Ringo Starr once named his favourite Bob Dylan song

The connection between Bob Dylan and The Beatles is one of the most legendary in the history of rock music. At their first meeting in 1964, Dylan infamously turned the band onto cannabis, the drug that would fuel the band through their albums Help! and Rubber Soul. Dylan’s sound and songwriting also had a profound effect on the group, especially John Lennon, and tracks like ‘You’ve Got To Hide Your Love Away’ and ‘Norwegian Wood’ wouldn’t have existed without Dylan’s influence.

Lennon wasn’t the only admirer in the band. Ringo Starr was also heavily influenced by Dylan, appreciating the unique tones of his voice and the more introspective side to his lyric writing. While sitting down with ABC News back in 2009, Starr reminisced about his old friend and even pointed out the one Dylan song that he considers his favourite.

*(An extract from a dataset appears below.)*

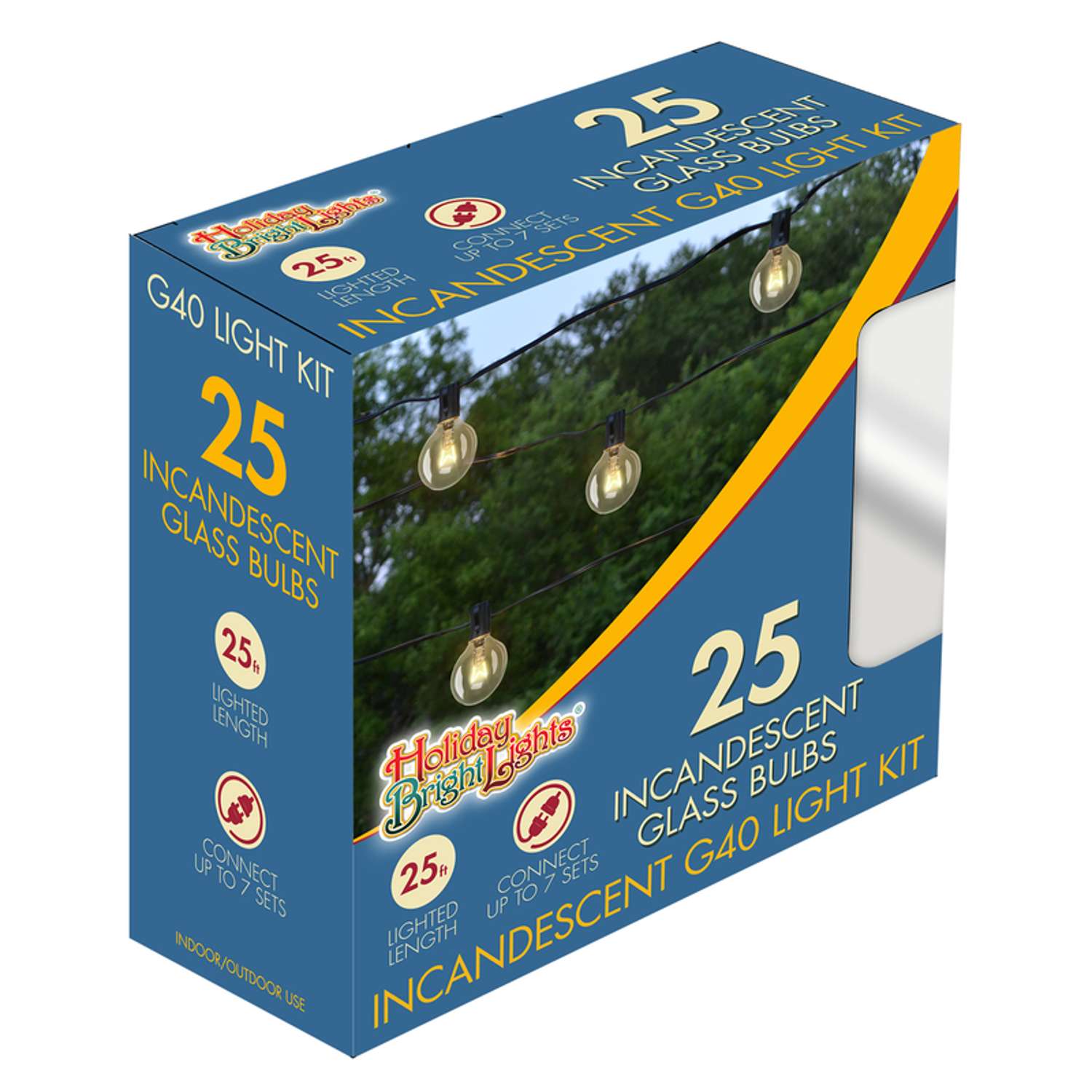 Holiday Bright Lights Incandescent G40 Globe Clear/Warm White 25 ct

“You just got to love Bob,” Starr said. “My old-time favourite lately is ‘When The Deal Goes Down,’ and it’s just a beautiful love song. It’s this beautiful love song, he’s very romantic in a lot of songs, everyone listens to his wacky dream stuff, which is great. He moves me on that record.”

‘When the Deal Goes Down’ is one of Dylan’s more recent classics, having appeared on the 2006 album Modern Times. The title is one that stretches back through the history of music: Robert Johnson used it on his own ‘Last Fair Deal Gone Down’, which Dylan quoted in his 1978 song ‘Changing of the Guards’. The track could also be referencing ‘Don’t Let Your Deal Go Down’, a bluegrass classic recorded by the Foggy Mountain Boys that later served as the lyrical starting point for the Grateful Dead’s ‘Deal’. Dylan had previously written with Dead lyricist Robert Hunter on the albums Down in the Groove and Together Through Life.

Anyway, back to Ringo. “That’s why I like it. If it moves me, it’s the sentiment of the record and how he says it,” Starr claims. “But no one else can say it like that. We met him in the ’60s in New York. We just sort of bumped into him ever since. He’s just an incredible artist that is well-placed in the musical history of American music and world music, so I put Bob down because of all of that. You couldn’t do a list without mentioning Bob.”